Still, I actually slayed a good few enemies that time. The trick to it seems to be to equip gear that gives a tiny bit of health back per kill. It's the only real way to support a lengthy run in this place, as the castle is really stingy with the health items.
Well I could turn the game off now, but I think I'll make one last run. Just one.
I bet you're the real last boss aren't you? I bet you'll be waiting for me behind that big yellow door ready to spray waves of deadly custard pies my way.
The game started off in the year 760AD... it's 3013 right now, a full millennium into our future. If my maths are right that means that around 75 of my heroes have fallen so far, and hundreds more will fall before this castle is beaten. But I'm not going to fall for his schemes any more, I'm ending this right now, by walking away.

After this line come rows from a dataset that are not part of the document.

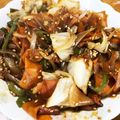 Chika_sck's cooksnap of when they made 夜メインに簡単♫ピリ辛みそ野菜炒め.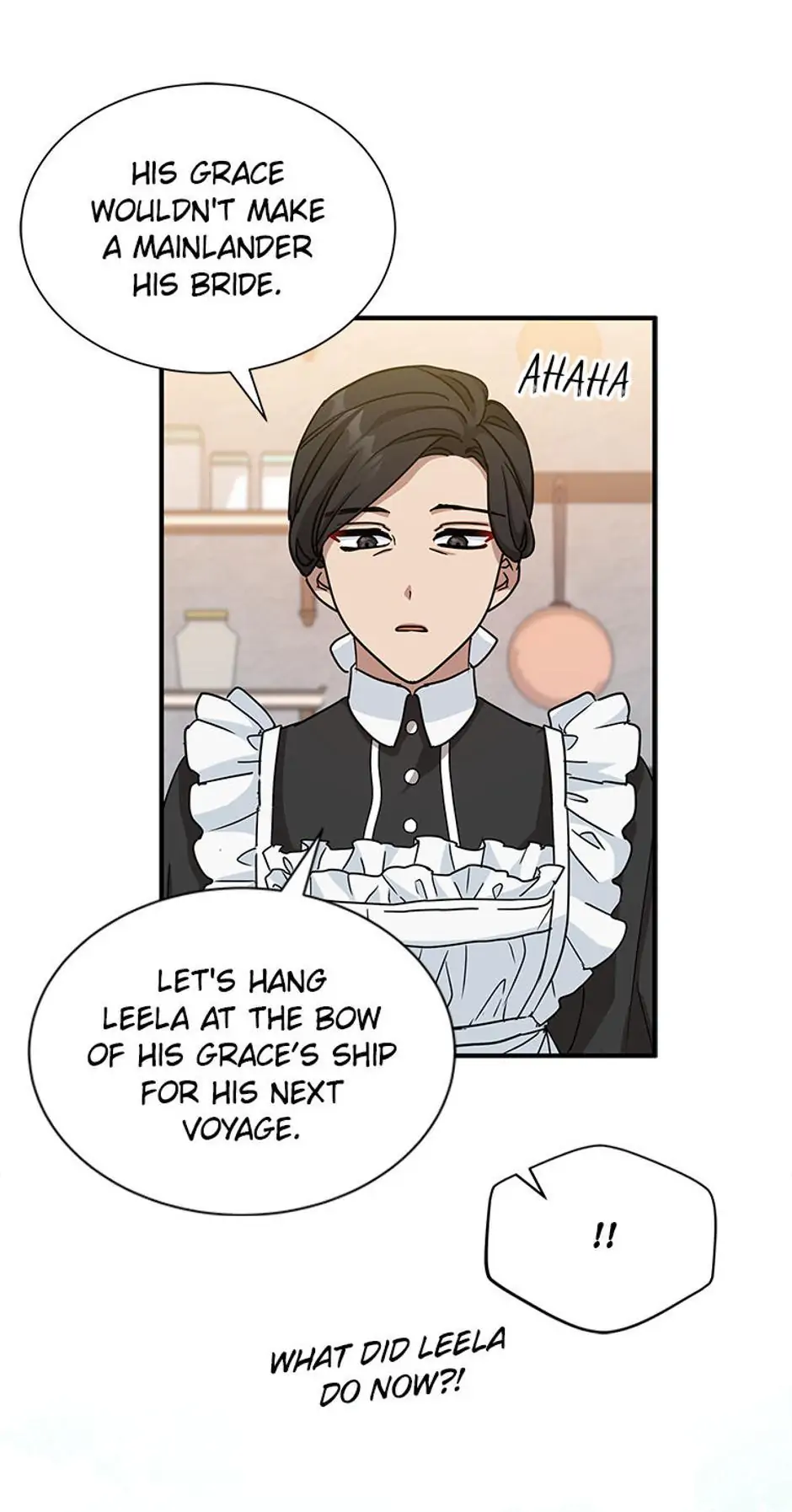 The Sea Captain's Bride Chapter 7 page 37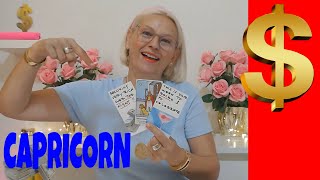 CAPRICORN SEPTEMBER 2024 OMG YOU WILL BECOME VERY RICH OVER THE NIGHT Capricorn Tarot Reading [upl. by Kakalina]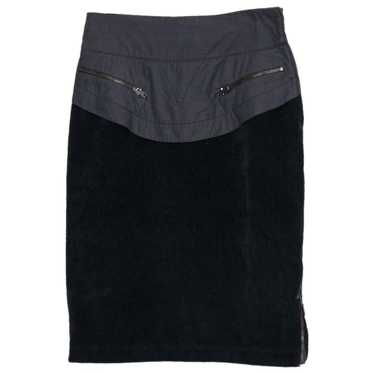 Claude Montana Wool mid-length skirt - image 1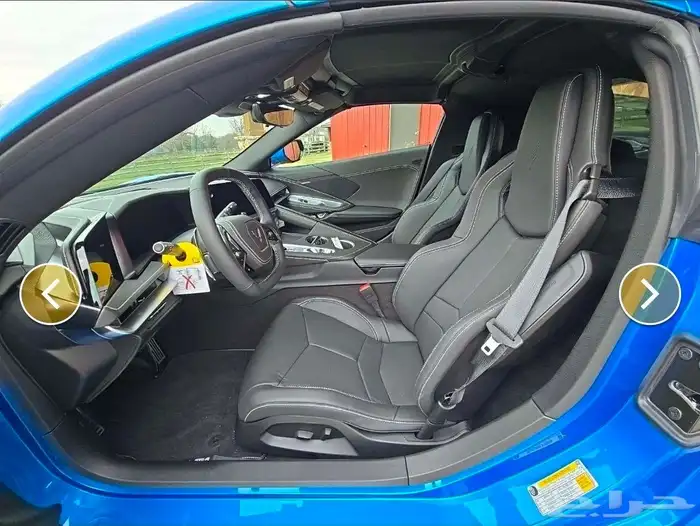 شيفروليه Corvette 2026 أصفار 14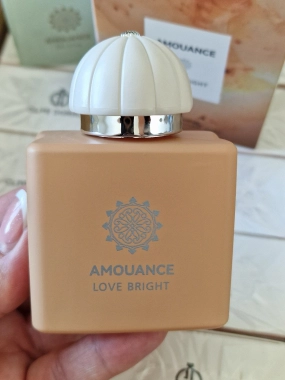 Clive Dorris Amouance Love Bright 50 ml inspirováno Amouage Love Delight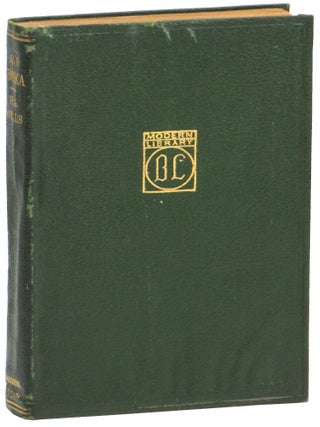 Item #55805 Ann Veronica: A Modern Love Story. H. G Wells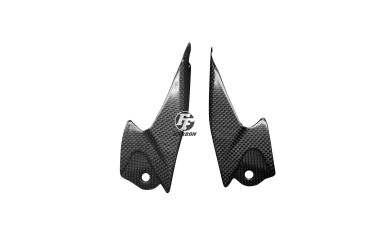Rivestimento laterale Carbonio per MV Agusta Brutale 800 2016- 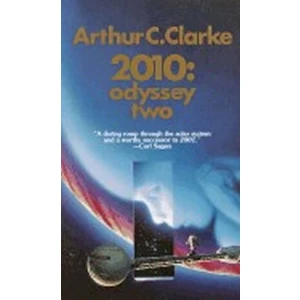 2010: Odyssey Two - Arthur C. Clarke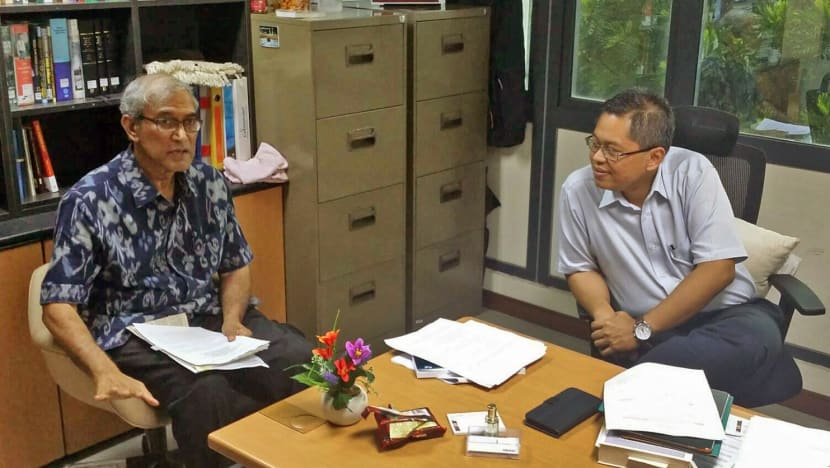 Book celebrating 50 years of Malay/Muslim community launched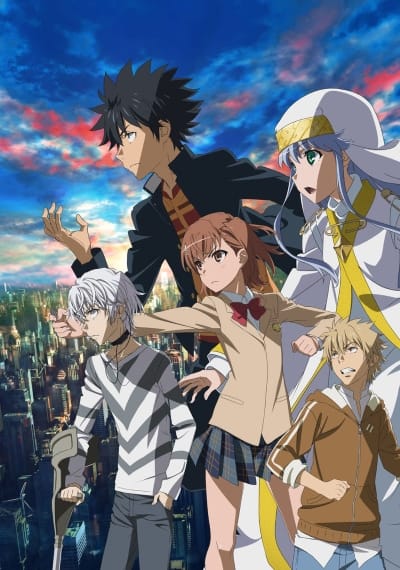 Download Toaru Majutsu no Index III (2018)(TV Series)(Complete)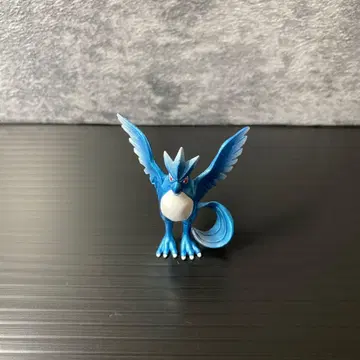 포켓몬 피규어 19 초대 프리저 메탈 당시품 레어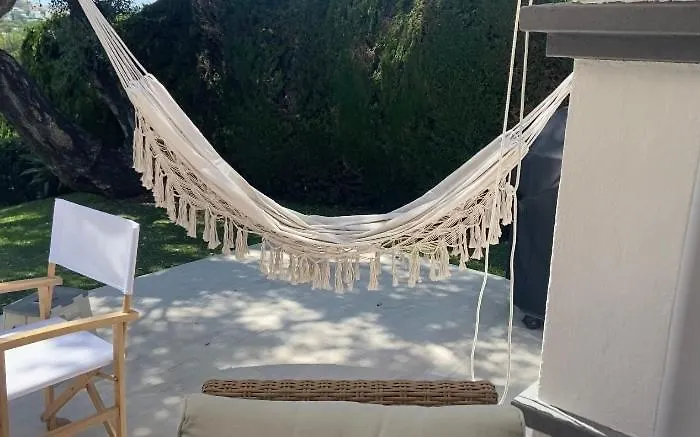 Pergolas בית נופש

So what did I think about Rogue Legacy? Well it was fighting an uphill battle from the start to impress me as 'ultra-difficult', 'no lives' and 'perma-death' aren't features I generally look for in a video game, but the challenge isn't actually unreasonable once you've collected a few upgrades, and as they carry over so each new character is basically just an extra life for the last, just with a different class and traits. So it's actually more like a procedurally generated Castlevania game in practice, and the castle can even be locked down to prevent it from changing. You don't even have to finish all the bosses in one insanely badass run, as once they're dead they stay dead forever (until new game+ that is).
To be honest, the hardest struggle I've had in the game so far is turning the damn thing off. I'm hopelessly addicted to it right now. Gotta keep trying to get a little further to get just that little bit more money and grab the next upgrade.
The game is a whole bunch of good game design decisions tied together with imagination, dumb jokes, excellent controls and great presentation. Consider it recommended if anything about it seems even slightly appealing to you.
And just as suddenly as it began, the writing stopped. But if you want to add some more of your own text underneath and share your opinions on the game, my writing, this site etc. then you're welcome to leave a comment in the comment box.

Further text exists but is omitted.